Start of SUPPLIED RECORDS

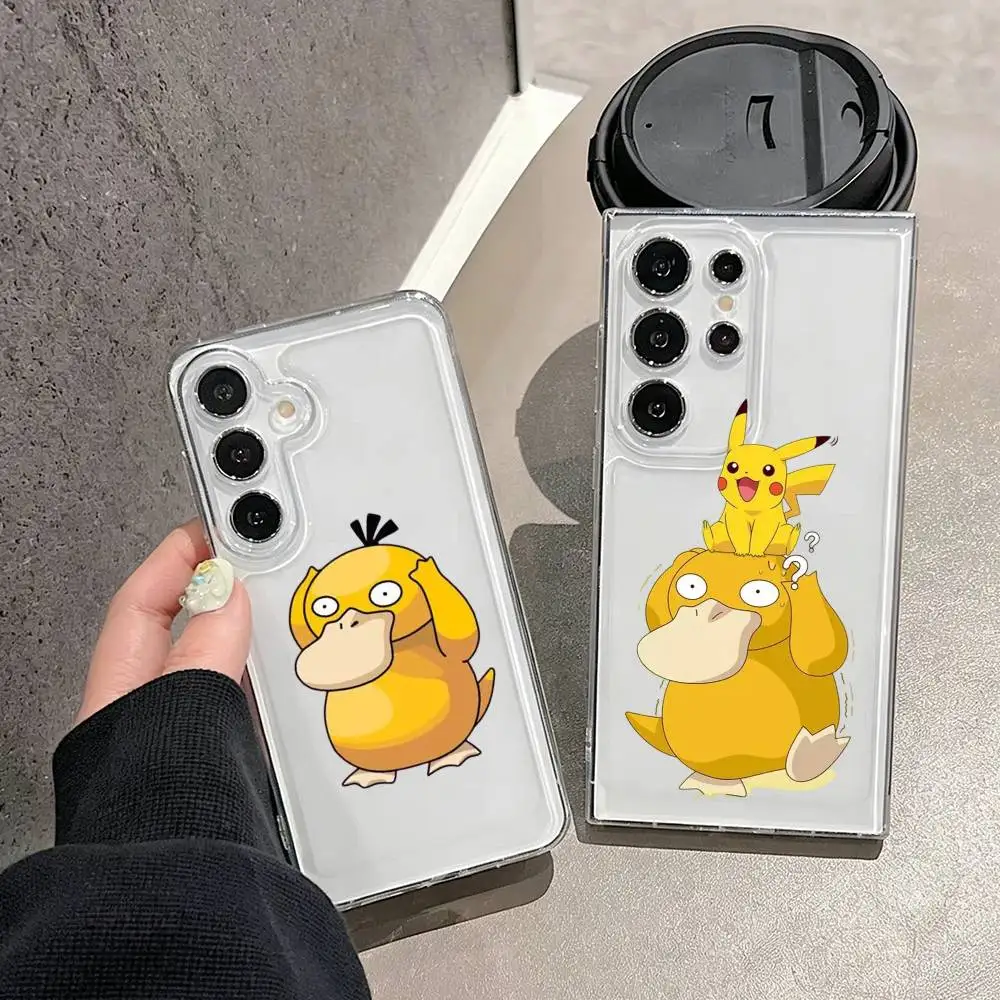Cute P-Psyducks Mens Fave  Phone Case For Samsung S25,S24,S21,S22,S23,S30,Ultra,S20,Plus,Fe,Note,10,9,5G Transparent Cover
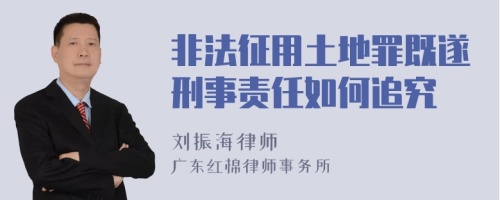 非法征用土地罪既遂刑事责任如何追究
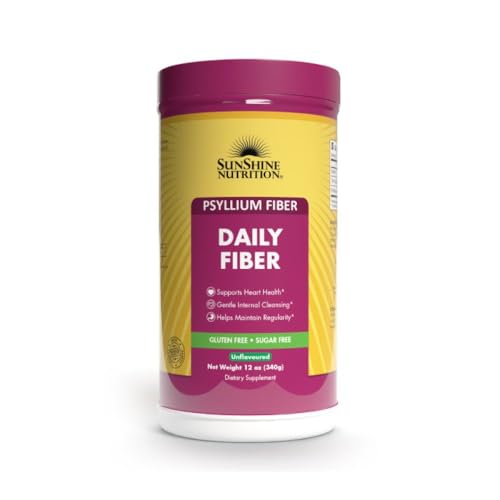 Sunshine Nutrition Psyllium Husk Daily Fibre 340g | Support Health Maintains Regularity & Gentle Internal Cleansing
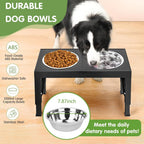 Dog Bowl Holder XiaZ Fashion Pet Products Black
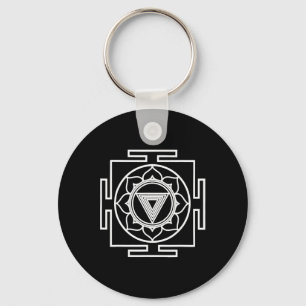 Hindu Kali Yantra Symbol Hinduism Yoga Eastern Art Key Ring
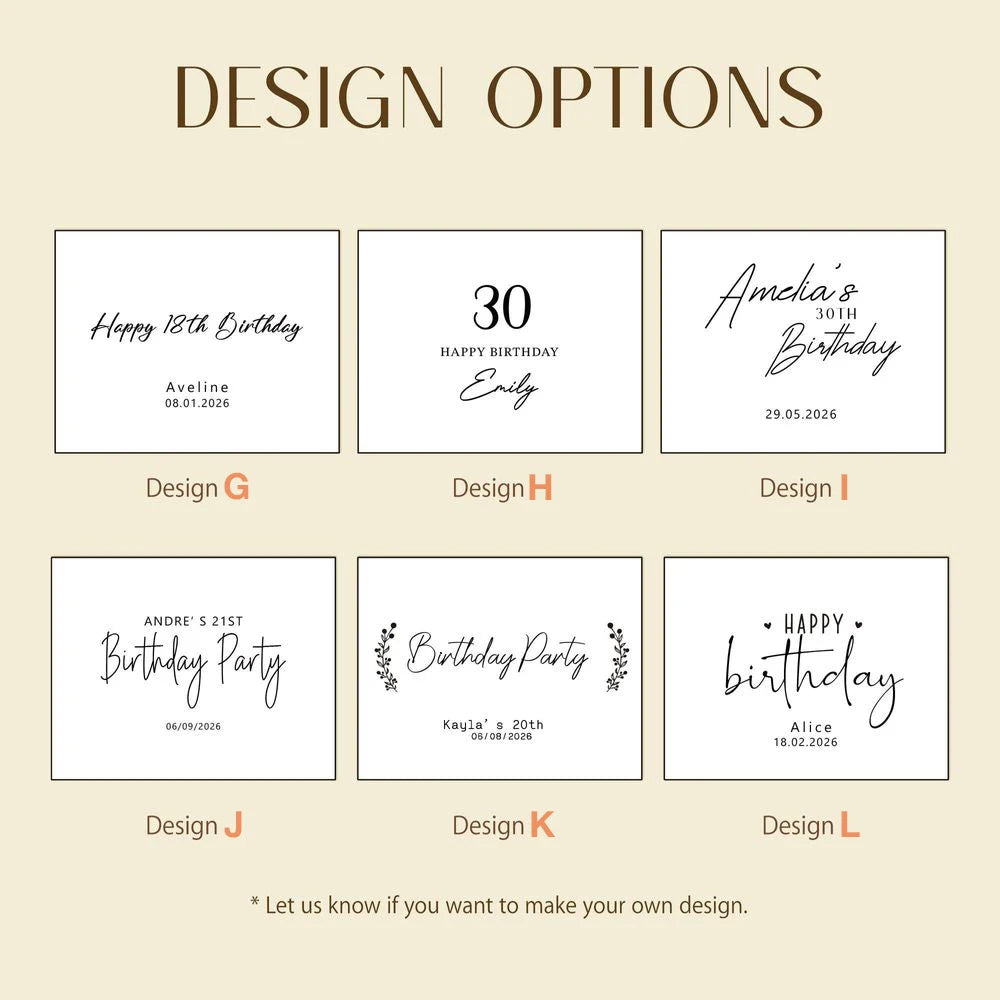 Personalized White/Black Guest Book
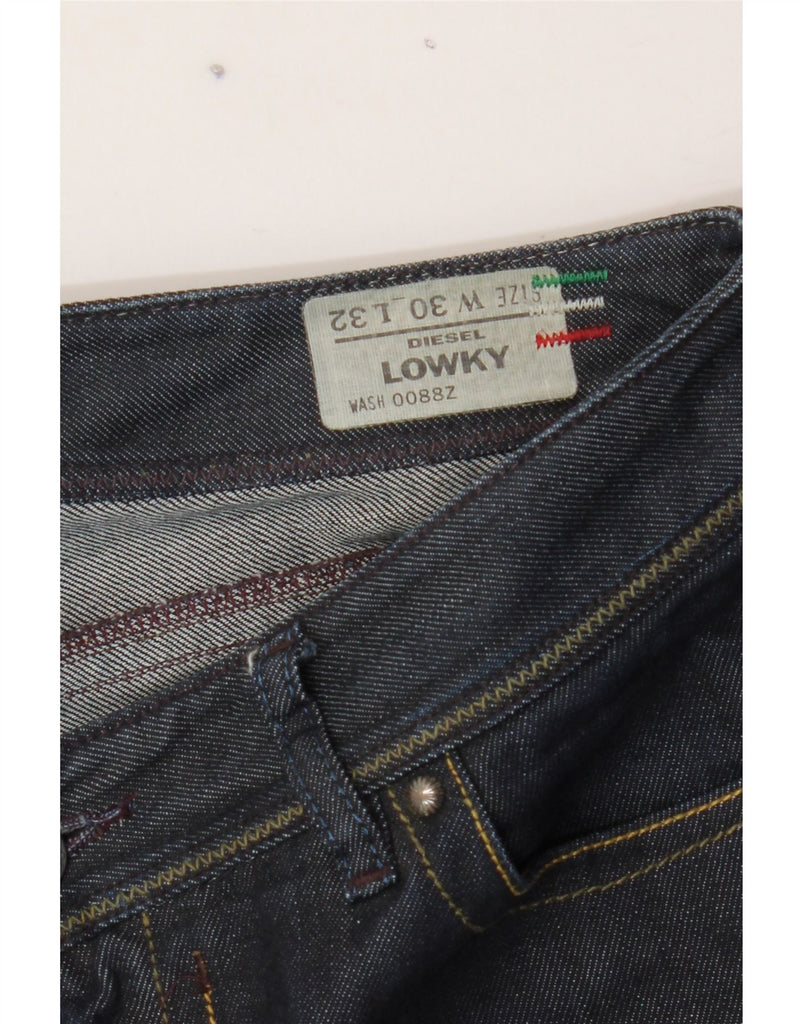 DIESEL Womens Lowky Slim Jeans W30 L32 Navy Blue Cotton Vintage Diesel and Second-Hand Diesel from Messina Hembry 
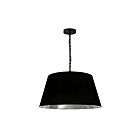 Suspendu à chaîne Dainolite BRY-M-BK-697 Brynn 1-Lumière 100W Noir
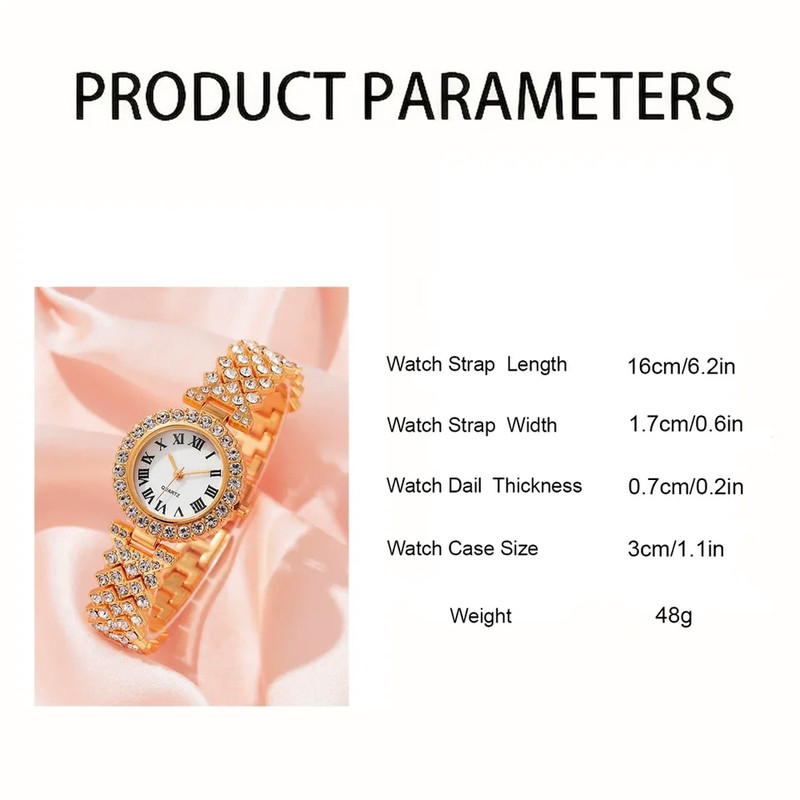 ساعت مچی عقربه ای زنانه مدل لاکچری فول نگین کد FZ1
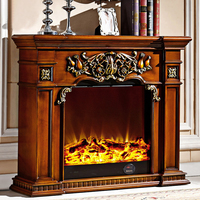 Cheminée électrique encastrée à la flamme simulée Décoration de la maison Noyaux de cheminée décoratifs Armoires d'ornement de cheminée personnalisées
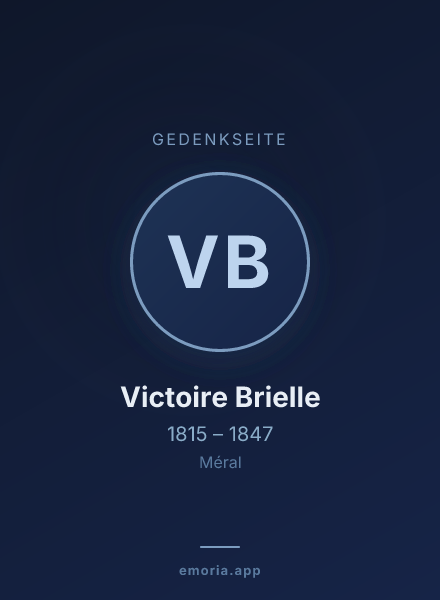 Gedenkportrait von Victoire Brielle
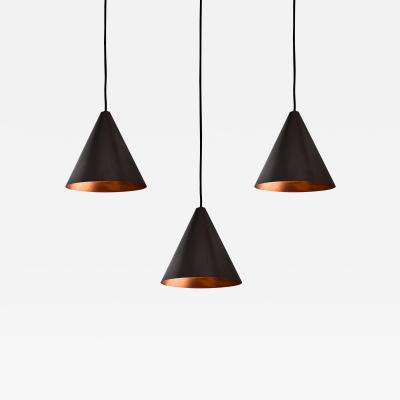  Hans Agne Jakobsson Hans Agne Jakobsson Dark Brown Patinated Tratten Pendant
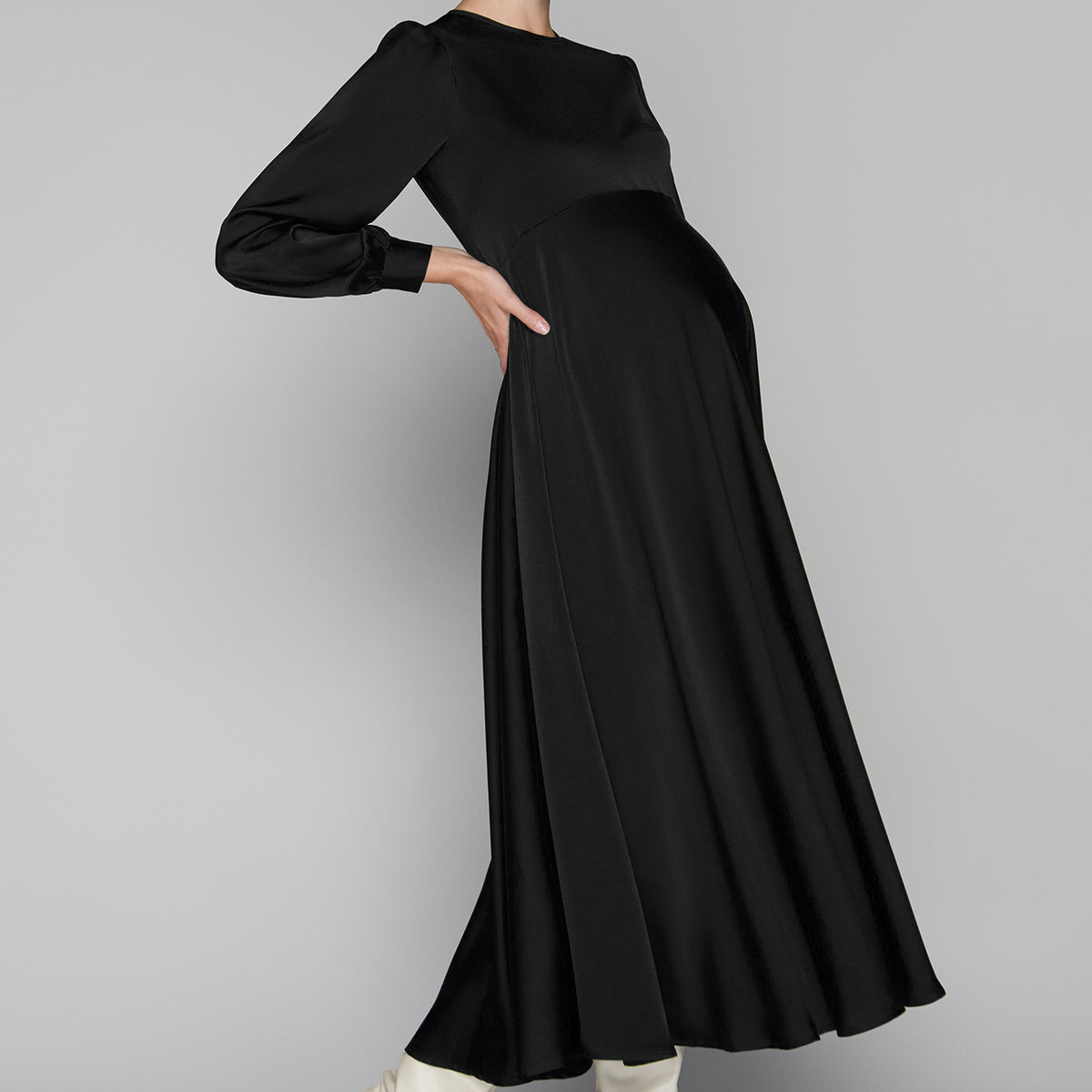 Arden Maternity Dress in Black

End of SUPPLIED RECORDS

TO DO - Go to the line that contains "Hindu Kali Yantra" and copy it and every line after it through the end of the entries, exactly, without the pictures.

RESPONSE TO THE TASK -
 Hindu Kali Yantra Symbol Hinduism Yoga Eastern Art Key Ring
 Personalized White/Black Guest Book
 DIESEL Womens Lowky Slim Jeans W30 L32 Navy Blue Cotton Vintage Diesel and Second-Hand Diesel from Messina Hembry 
 Suspendu à chaîne Dainolite BRY-M-BK-697 Brynn 1-Lumière 100W Noir
 ساعت مچی عقربه ای زنانه مدل لاکچری فول نگین کد FZ1
 Cheminée électrique encastrée à la flamme simulée Décoration de la maison Noyaux de cheminée décoratifs Armoires d'ornement de cheminée personnalisées
 Gedenkportrait von Victoire Brielle
  Hans Agne Jakobsson Hans Agne Jakobsson Dark Brown Patinated Tratten Pendant
 Arden Maternity Dress in Black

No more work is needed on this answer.